Is It Getting Hot In Here? How Your Roof Affects House Temperatures

Your roof choices have implications on appearance, cost, and the environment. But it doesn’t stop there. One additional factor that many people forget is temperature. According to the U.S. Department of Energy, a roof designed specifically for cooling can reduce the roof’s surface temperature by as much as 100°F. This cooling effect can decrease your annual energy expenses for air conditioning by 15%. Your roof doesn’t just keep the rain out and make your house more beautiful; it also plays a significant role in regulating your home’s temperature. Here are some of the ways roofing choices affect your home’s temperature:


Just as the white stripes on the pavement stay cooler than the black asphalt, different colored roofs will have varying effects on your home’s temperature. Lighter roofing materials help your home stay cooler because they don’t hold onto the heat energy from the sun. It may seem like the surface temperature of your roof wouldn’t have a meaningful impact on your home’s temperature, but the difference is significant. The Department of Energy reports that white roofs reflect 60-90% of sunlight, keeping that heat out of your home.

A dark roof will absorb and retain heat, increasing the building’s temperature. In a cold climate, that heat retention may be a benefit. Darker materials’ heat retention can also melt snow. In warm weather, the lighter roof and resulting cooler temperatures will be more beneficial.

The ideal color choice may not seem straightforward if you live in an area with hot summers and cold winters. Do you take advantage of a dark roof’s warmth in the winter or use a light roof to stay cool in summer? Trusted roofing contractors understand local weather conditions and can tell you whether you will benefit more from the cooling effects of a light roof or the heat retention of a darker roof.


Many people think of the roof as just the lid that sits on their home and keeps the rain out. However, a properly installed roof will have a system of vents critical to your home’s comfort. Your home needs to breathe, and the roof ventilation allows it to do that. The hottest air rises to the top of your home and leaves through the ventilation system. This creates a slight vacuum, which pulls cooler air in.

Because the warm escaping air is likely more humid than the cooler air that stays in the structure, this air exchange also helps prevent mold and mildew.

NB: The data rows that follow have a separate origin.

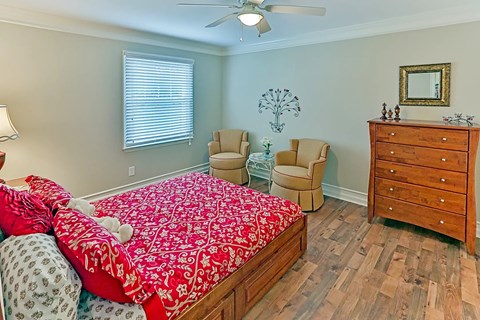 A bedroom with a bed, chair, and dresser.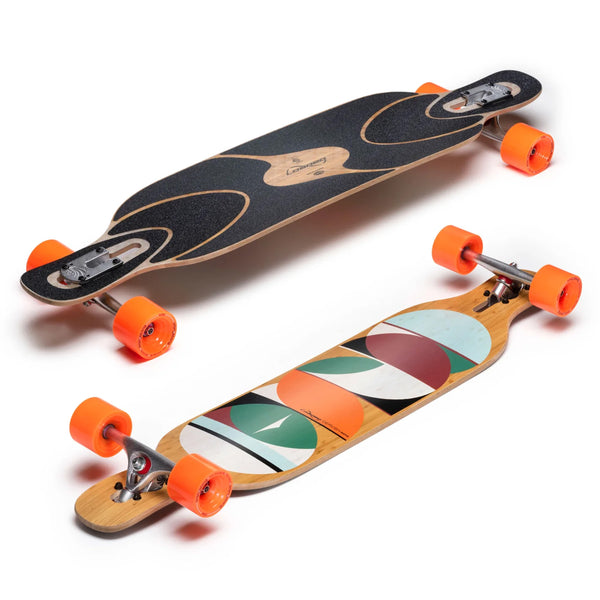 Two longboards: one displayed top-side up with grip tape, and the other bottom-side up showcasing a colorful geometric design. Both have bright orange wheels. Perfect for freestyle and freeride enthusiasts, these boards are reminiscent of the LOADED DERVISH SAMA FLEX 2 42.8" COMPLETE in both style and performance by Loaded.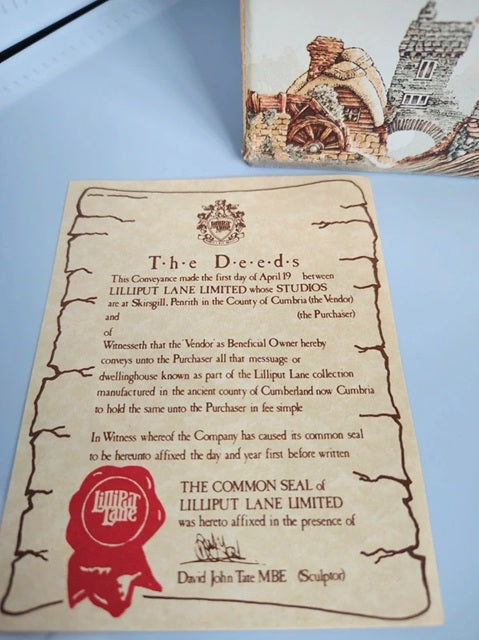 A replica of the fictional 'The Deeds' common seal from Lilliput Lane Limited, printed on aged parchment paper with a red wax-seal stamp, displayed on a light blue surface next to a matching illustrated card.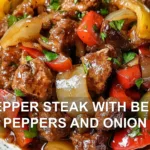 PEPPER STEAK WITH BELL PEPPERS AND ONION centered hero view, clean and uncluttered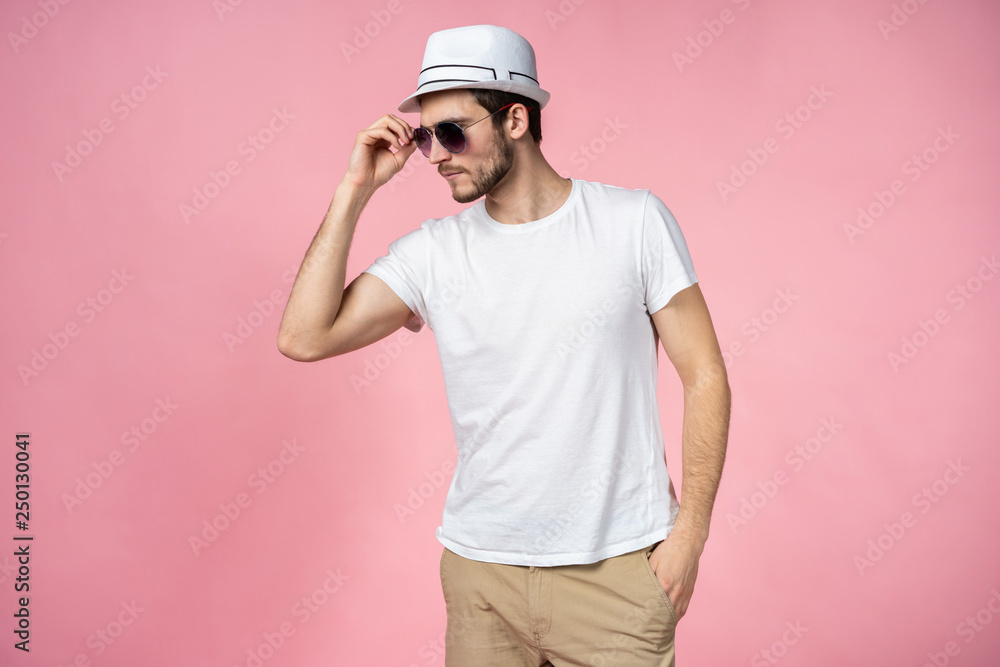 Cheerful young man in hat and sunglasses standing and smiling over pink background. Cheerful young man in hat and sunglasses standing and smiling over pink background.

Trading hot, wet air for cooler, drier air keeps your home more comfortable. Thanks to your roof’s ventilation system, your air conditioning and dehumidifiers don’t have to work as hard.


The type of roof you have also affects how it changes your home’s temperature. Different roofing materials interact differently with sunlight. Because asphalt shingles reflect only about thirty percent of the light that hits them, they retain more heat. If you live in an area with mild summers and cold winters, they may be a wise choice to help keep heating bills down. Asphalt shingles come in a wide variety of colors, so there is something for every climate and every look. That means they can also be appropriate for hotter climates, especially because some products have light-colored, reflective granules that offer an additional reflection boost.

Hot locations with relatively warm winters might be ideal for metal roofs, which reflect sunlight instead of absorbing it as heat. Wood roofs are naturally cool-colored, which helps them regulate heat. Every option, from slate to concrete and everything in between, will affect your home’s temperature. With so many roof materials available, rely on the expertise of a local roof service company to help you understand which materials are best for your home.


When selecting your roof, you may have a preferred look or performance factor in mind, which can lead you to a specific material. If that choice isn’t temperature-friendly, there’s a solution. Cool roof technology can help you get the look and durability you want while still helping you regulate temperature. A cool roof is a roof designed with temperature control in mind. It reflects more sunlight and therefore absorbs less heat than typical products. Some roof materials have specific “cool roof” options. Others can be made “cool” by adding reflective paint or coatings.

When selecting roofing materials, thinking only of curb appeal, durability, and warranties can be tempting. Those are important factors to consider as you want your roof to contribute to the beauty of your home and to reliably protect your structure. But remember to keep in mind the effect your roof can have on your home’s temperature and heating and cooling costs. A beautiful home that is uncomfortably hot doesn’t sound very appealing. And quality roofing that lasts 30 years and can withstand hurricane-force winds but costs you a small fortune to cool surely isn’t what you want, either. When deciding on roofing, don’t forget to consider how your roof will affect your house’s temperature.